At low points in the past few years, we’ve doubted Honda, but the big H is back. The new Accord is a convincing reminder of the company’s core values and, considering all that Honda has been through with an earthquake that smashed its Tochigi R&D center and floods in Thailand that crimped production, a triumphant return to form.
Once again, Honda conducts a master class in packaging. Against its porcine predecessor, the ninth generation shrinks on the outside, yet the cabin dimensions vary hardly at all. The Accord still feels like the biggest car in the test, with two roomy and extra-comfortable front buckets and a back bench where you and two friends can stretch out. Moreover, the capacious trunk is one cubic foot larger than before.
The Accord also drives as if it’s constructed out of old-fashioned Honda Lightweightium. In fact, it’s not the lightest car here—partly because the spiffier EX trim includes a power sunroof—but it feels as if it is. The steering, brakes, and suspension work in harmonious balance to make the Accord seem agile and springy. Yes, instead of control arms it now has struts in the nose, but so does a Porsche Cayman. The Accord hustles through turns with fog-free steering, no complaint from the tires, and it never seems to be working very hard.
The 2.4-liter four likes to rev and boasts the most horsepower in this group, but not by much. It’s the CVT’s tuning that makes the Accord feel fleet. Honda has minimized the typical rubber-band delay, and the throttle responds curtly when you ask for acceleration (though sometimes with a bit of audible transmission whine at high revs). In mountain snakers as well as on city streets, the CVT works so efficiently that it all but disappears, and you never notice the lack of manual control. Of course, we’d prefer the six-speed stick, but finally, a belt-and-pulley transmission we can live with!
The dash is done to Honda’s familiar template of large, maxi-print gauges and many, many small buttons. Lacking navigation and the associated extra panel of controls, our EX had a deep what-not drawer hidden behind a clumsy plastic door.
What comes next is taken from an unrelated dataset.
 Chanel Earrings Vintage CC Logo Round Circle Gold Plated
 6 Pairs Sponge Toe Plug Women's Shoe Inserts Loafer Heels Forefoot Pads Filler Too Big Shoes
Lessons have been learned from the distressed Civic, though, and that door is the only off note in an interior that has been upgraded with softer materials and better sound insulation.
With a flat roof and a highly conservative rake to its glass, the Accord remains unapologetically a mid-size family car. You can complain about the design’s lack of sizzle, but not its practicality. The door openings are wide, the step-over sills are narrow, and the beltline is kept unfashionably low to create huge glass portals. If people don’t look at you because your vehicle is plain, at least you will see them.